Steven, what do you mean by “The text mentions removing right-turn lane channelizations, but the graphic doesn’t show it.” The “after” graphic does have red where new concrete/sidewalk/curbs would be instead of the right turn lanes.
You and the Peds Plan seem to be defining channelized turns differently, though. In the Peds Plan example, they are simply right turn lanes that appear just before an intersection, whereas you seem to think a channelized turn must always have an additional crosswalk or island as part of it.
I am using the Federal Highway Administration’s definition of a channelized right turn.
I don’t think the “before” graphic in the Chicago Pedestrian Plan shows a channelized right turn. It shows right turn lanes, but not the channelized kind. See this document on the FHWA’s website for a description and graphic: http://www.fhwa.dot.gov/publications/research/safety/04091/12.cfm#c1233 (control-F for “channelized”)
Here’s another document that may be useful in learning more about channelized turn lanes, at least in the respect of design for blind pedestrians: http://onlinepubs.trb.org/onlinepubs/nchrp/nchrp_rpt_674.pdf (from the National Cooperative Highway Research Program, part of the Transportation Research Board)
Since Chicago will be removing them, we won’t really need that research.
Thanks for that. I was just daydreaming that maybe CDOT could do a map like the bike share map where they take requests for the intersections with channels the public would like to have removed right away. One of my top choices would be the Congress and Columbus intersection alongside Buckingham Fountain (do we really need a double right turn channel leading into the heart of the Loop, just a few blocks away??)
And also my local Lincoln Park “favorite”, Clark Street where it meets up with LaSalle Drive, also a double-channel, creating a horrible, uncontrolled and unnecessary (and barely striped) pedestrian crossing. I carried my daughter when we crossed this intersection until she was WAY too old to be carried because I felt we had to be ready to RUN if a car driver didn’t see us/weren’t expecting a pedestrian there. All this asphalt could be reclaimed as new green space instead, along with a really nice bike-only cut through, as shown in Walk Eagle Rock’s Berkeley example above.
I built a map to accept submissions, but I don’t think I’m going to develop it any further because I am considering a solution that does what I want that’s mostly already built (even if it’s using someone else’s commercial-oriented website).
I don’t know if one can consider southbound Clark to southbound LaSalle a right-turn channelization, but it definitely has a channeling effect. It should be improved for two other reasons: the crosswalk is too long (and people in it are affected in the way you describe) and there’s no curb cut, according to Street View, at the northern end of the crosswalk, just a driveway.

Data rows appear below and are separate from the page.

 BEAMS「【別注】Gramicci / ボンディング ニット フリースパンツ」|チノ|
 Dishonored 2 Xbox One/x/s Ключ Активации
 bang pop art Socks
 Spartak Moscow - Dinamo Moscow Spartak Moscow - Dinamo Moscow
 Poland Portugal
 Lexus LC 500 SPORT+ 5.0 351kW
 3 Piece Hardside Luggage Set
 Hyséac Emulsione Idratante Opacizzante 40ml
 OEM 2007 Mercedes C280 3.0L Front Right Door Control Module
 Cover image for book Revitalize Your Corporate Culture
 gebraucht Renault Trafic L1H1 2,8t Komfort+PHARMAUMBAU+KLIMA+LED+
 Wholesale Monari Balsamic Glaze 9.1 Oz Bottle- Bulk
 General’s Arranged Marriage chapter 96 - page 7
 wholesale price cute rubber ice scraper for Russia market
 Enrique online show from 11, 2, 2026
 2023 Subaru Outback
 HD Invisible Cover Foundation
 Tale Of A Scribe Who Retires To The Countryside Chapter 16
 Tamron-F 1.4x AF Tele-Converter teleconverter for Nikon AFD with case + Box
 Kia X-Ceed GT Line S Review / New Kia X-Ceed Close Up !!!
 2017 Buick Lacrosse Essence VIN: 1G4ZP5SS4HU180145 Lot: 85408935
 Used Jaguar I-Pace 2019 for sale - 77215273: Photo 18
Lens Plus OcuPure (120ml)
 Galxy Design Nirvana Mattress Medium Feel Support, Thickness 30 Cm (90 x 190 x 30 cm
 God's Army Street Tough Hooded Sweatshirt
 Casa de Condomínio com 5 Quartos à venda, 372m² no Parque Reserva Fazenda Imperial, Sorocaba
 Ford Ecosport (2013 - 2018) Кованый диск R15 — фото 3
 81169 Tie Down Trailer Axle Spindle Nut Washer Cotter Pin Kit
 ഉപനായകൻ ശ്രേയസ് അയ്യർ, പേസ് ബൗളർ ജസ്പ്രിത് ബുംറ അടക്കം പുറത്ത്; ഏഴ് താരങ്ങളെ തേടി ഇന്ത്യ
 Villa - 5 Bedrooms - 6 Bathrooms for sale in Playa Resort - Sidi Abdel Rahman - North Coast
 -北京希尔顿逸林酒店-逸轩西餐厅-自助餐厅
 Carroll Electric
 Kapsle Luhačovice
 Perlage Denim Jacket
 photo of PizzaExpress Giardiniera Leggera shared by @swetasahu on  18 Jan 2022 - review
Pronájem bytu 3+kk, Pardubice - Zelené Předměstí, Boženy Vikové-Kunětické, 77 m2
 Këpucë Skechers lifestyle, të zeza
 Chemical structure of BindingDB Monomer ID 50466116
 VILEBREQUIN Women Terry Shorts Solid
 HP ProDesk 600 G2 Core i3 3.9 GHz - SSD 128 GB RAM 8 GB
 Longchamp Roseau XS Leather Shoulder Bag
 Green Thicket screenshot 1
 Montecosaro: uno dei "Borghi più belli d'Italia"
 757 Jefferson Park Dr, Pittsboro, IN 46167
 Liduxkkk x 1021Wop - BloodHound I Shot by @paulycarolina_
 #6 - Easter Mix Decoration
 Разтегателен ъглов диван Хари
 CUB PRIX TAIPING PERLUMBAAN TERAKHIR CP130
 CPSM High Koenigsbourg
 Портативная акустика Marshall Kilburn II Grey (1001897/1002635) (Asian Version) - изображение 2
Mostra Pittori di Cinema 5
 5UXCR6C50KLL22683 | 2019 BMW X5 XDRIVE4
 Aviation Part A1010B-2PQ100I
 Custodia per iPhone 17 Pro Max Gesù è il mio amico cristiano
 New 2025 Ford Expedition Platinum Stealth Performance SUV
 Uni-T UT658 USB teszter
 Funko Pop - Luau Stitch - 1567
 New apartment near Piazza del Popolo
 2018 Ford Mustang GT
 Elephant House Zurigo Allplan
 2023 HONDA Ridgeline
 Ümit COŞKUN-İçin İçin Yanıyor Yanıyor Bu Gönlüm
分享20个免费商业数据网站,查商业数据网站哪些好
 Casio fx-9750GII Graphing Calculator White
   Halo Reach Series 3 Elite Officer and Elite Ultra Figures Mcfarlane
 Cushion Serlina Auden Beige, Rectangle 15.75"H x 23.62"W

Another plus would be that drivers no longer have to figure out their lane choice well in advance of knowing which lanes go where. Boston drivers have a bad rap, but so many times trying to get around unfamiliar streets, I end up in a turn lane ad I want to go straight or vice versa, so I dive across the single-white line to avoid it. And god help you if it’s rainy or snowy, making it hard to see the lines.
If drivers can count on Right lane = straight or right, they could better concentrate on the immediate job of operating their vehicles in a safe and courteous manner.
I realized one very obscure use for right-turn channelizations recently: for allowing tractor-trailers to turn right at otherwise-too-sharp intersections. But that would probably only be necessary on designated truck routes.
As a city we should be seriously considering the use of smaller trucks to move our cargo. There’s a lot of precedent for this in European city centers where goods must be offloaded to smaller vehicles, including to electric vehicles and cargo bikes.
Yes, complete streets need to consider freight access too.